■ Exercise: Without any pictures, restate the full set of records below exactly.

[Information shown — start]

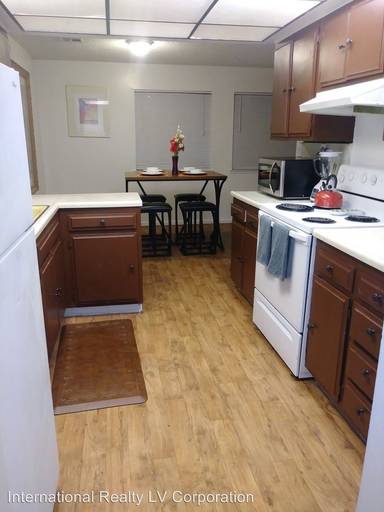 Main picture of 550 Elm Dr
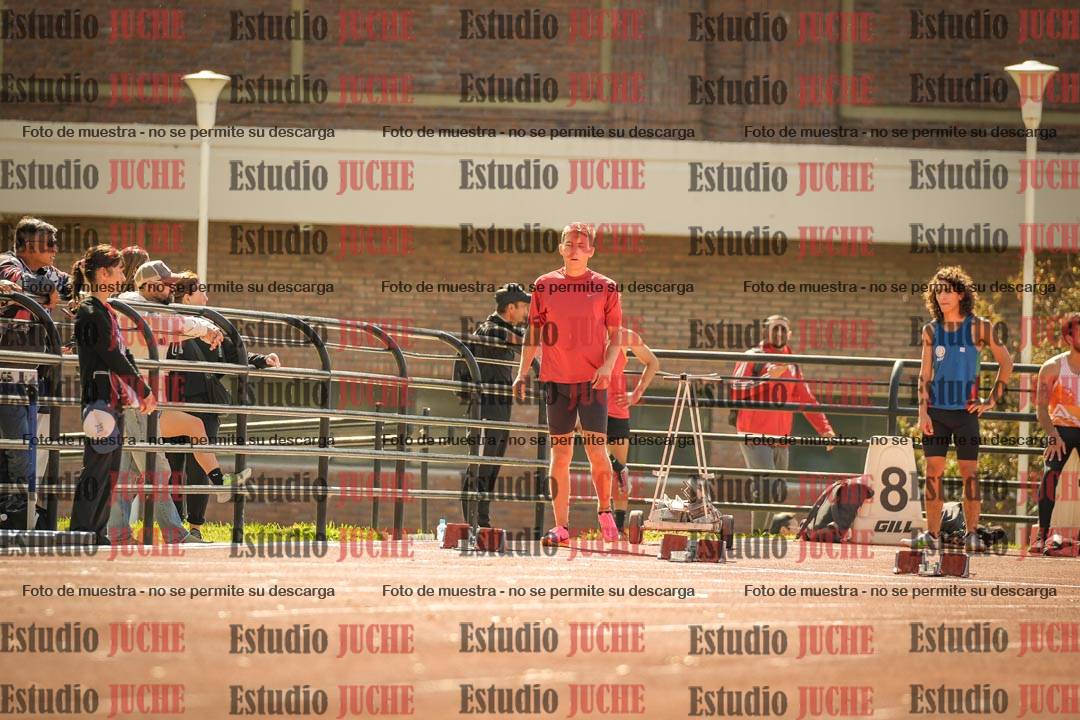Fotos de los 100 m llanos de varones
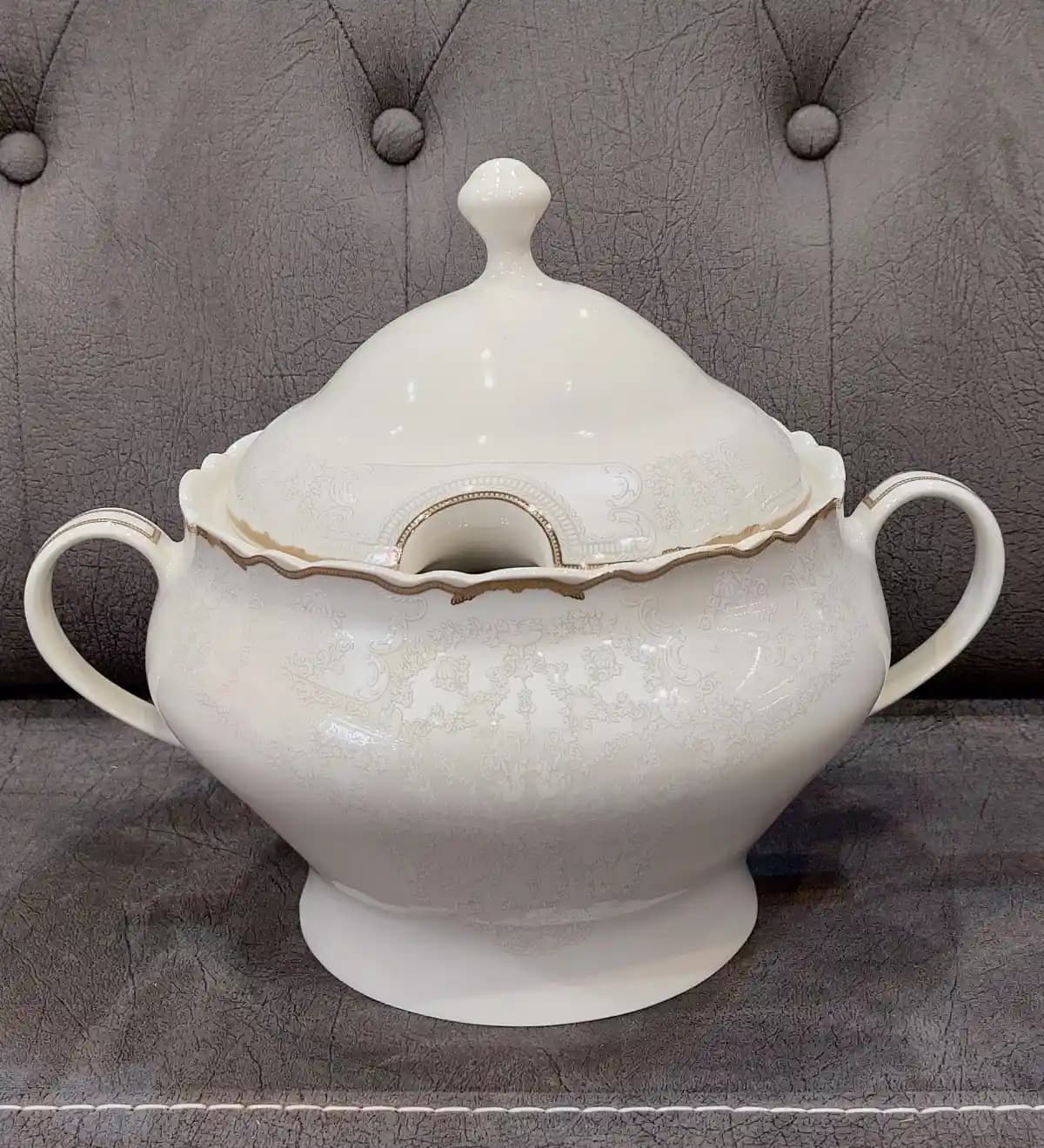 سوپخوری درب دار اودیسه کد 8019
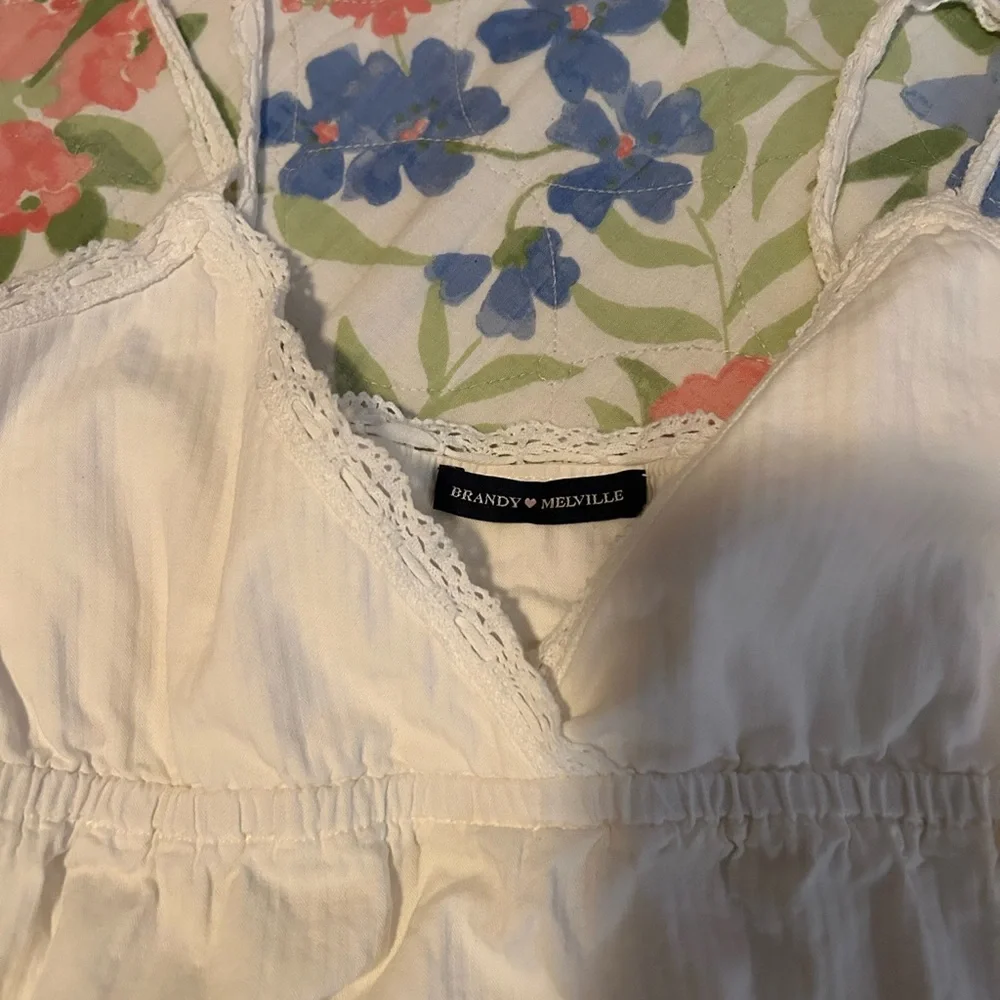 Brandy Melville Edith Tank - Picture 2 of 2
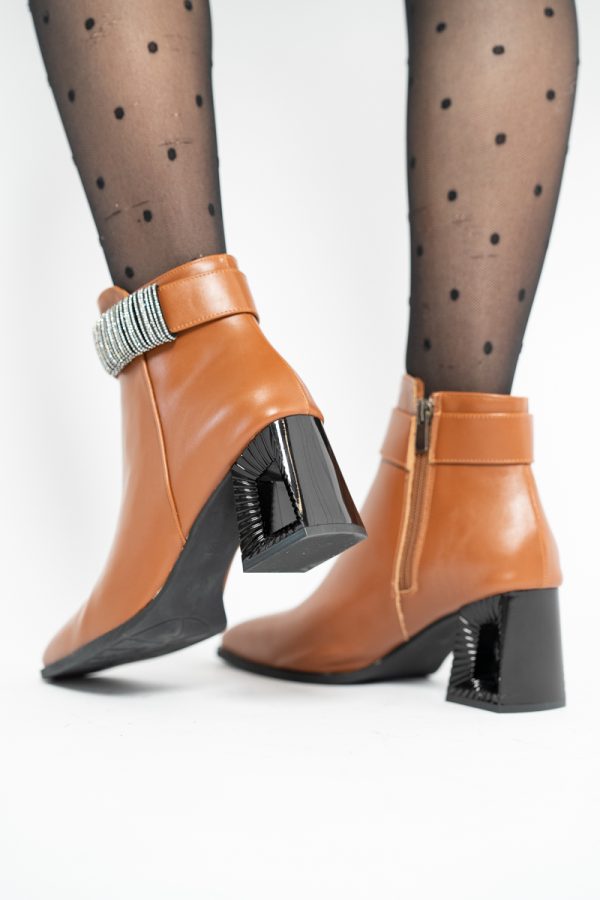 Botine elegante de damă cu toc, din piele ecologică  cu fermoar - culoare Maro  BS756BT2409865 127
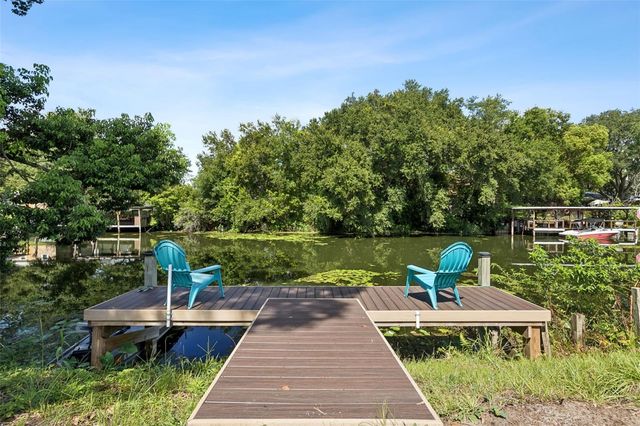 27821 LOIS DRIVE, Tavares, FL 32778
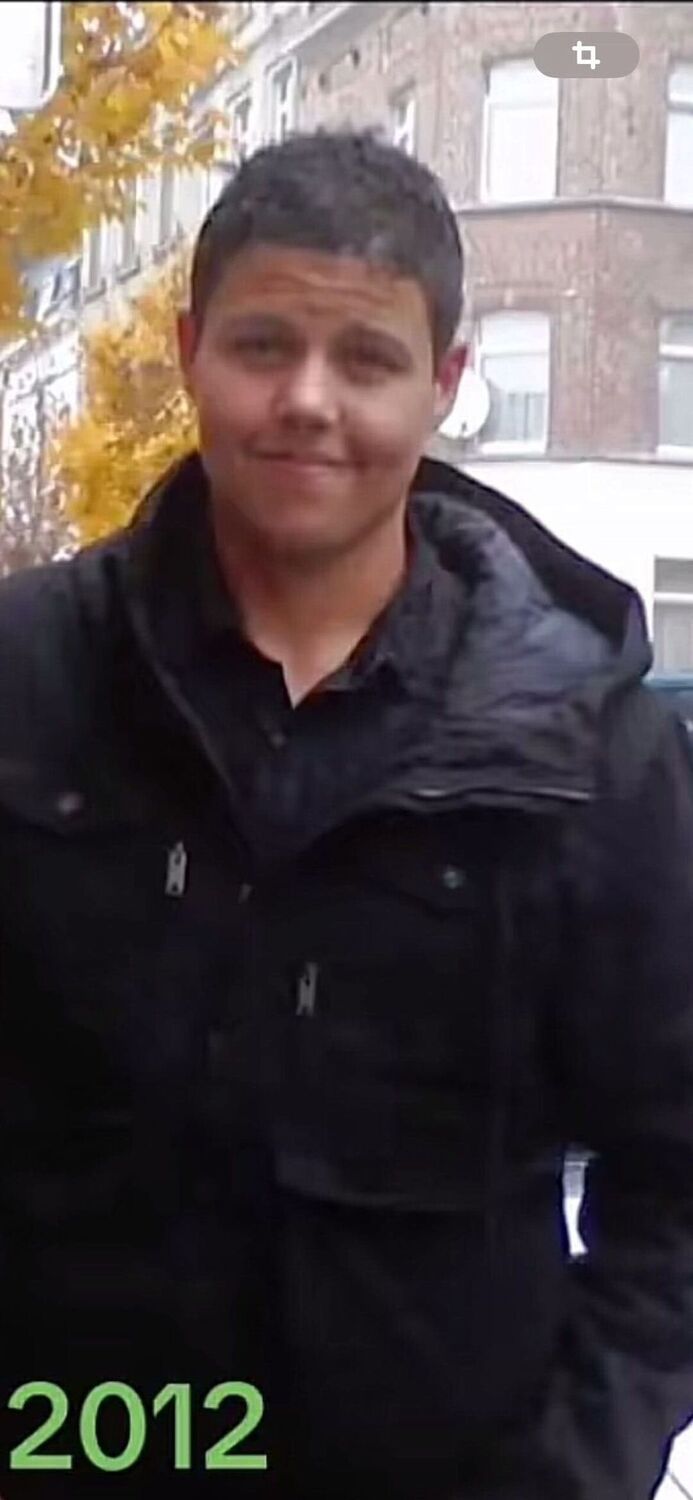  54229551  J nes, 34 ,    Nieuwland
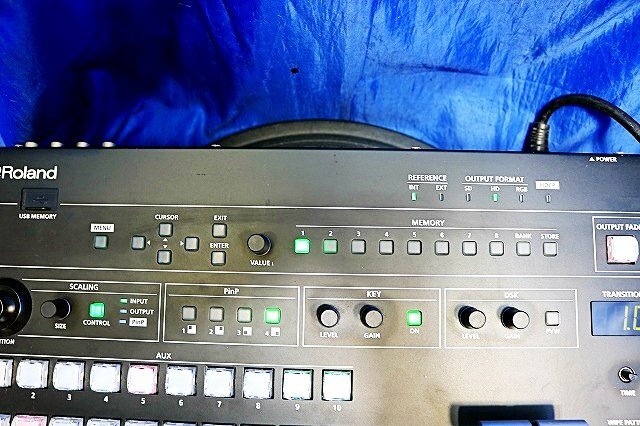 Roland V-800HD MK II Multi-Format Video Switcher [p1230857411]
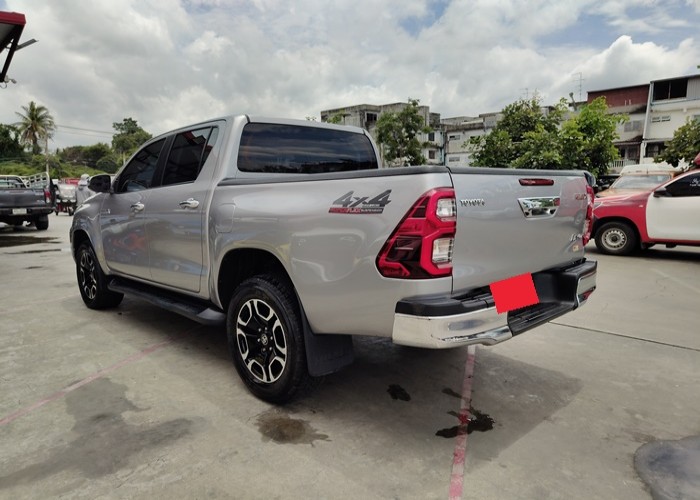Used 5
                    TOYOTA
                     for Sale Image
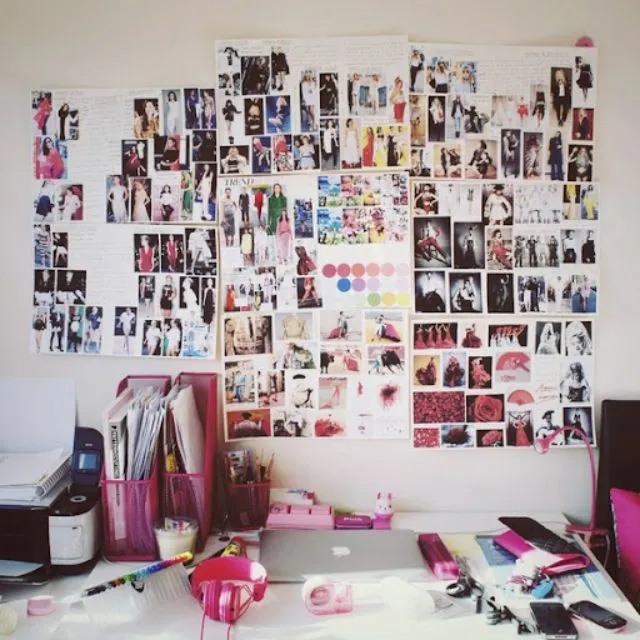 Dùng băng keo dán cố định các loại poster yêu thích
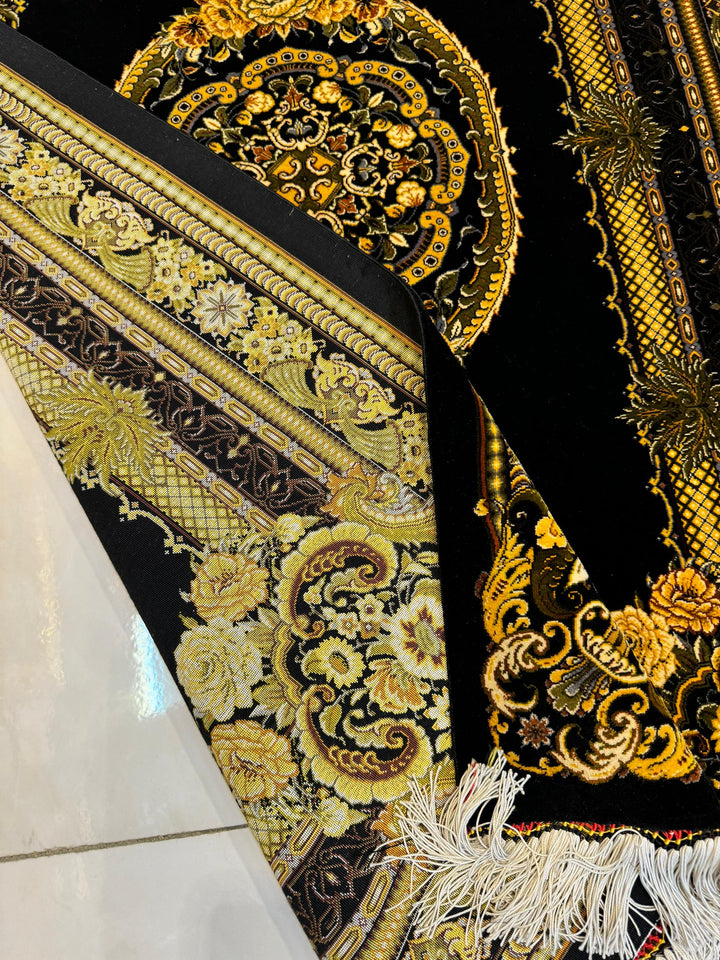 高級ペルシャ絨毯クム産シルク100％  イスラミ工房 125×85cm（FN-10038）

[Information shown — finish]

■ Solution for this exercise:
 Main picture of 550 Elm Dr
Fotos de los 100 m llanos de varones
 سوپخوری درب دار اودیسه کد 8019
 Brandy Melville Edith Tank - Picture 2 of 2
 Botine elegante de damă cu toc, din piele ecologică  cu fermoar - culoare Maro  BS756BT2409865 127
 27821 LOIS DRIVE, Tavares, FL 32778
  54229551  J nes, 34 ,    Nieuwland
 Roland V-800HD MK II Multi-Format Video Switcher [p1230857411]
Used 5
                    TOYOTA
                     for Sale Image
 Dùng băng keo dán cố định các loại poster yêu thích
 高級ペルシャ絨毯クム産シルク100％  イスラミ工房 125×85cm（FN-10038）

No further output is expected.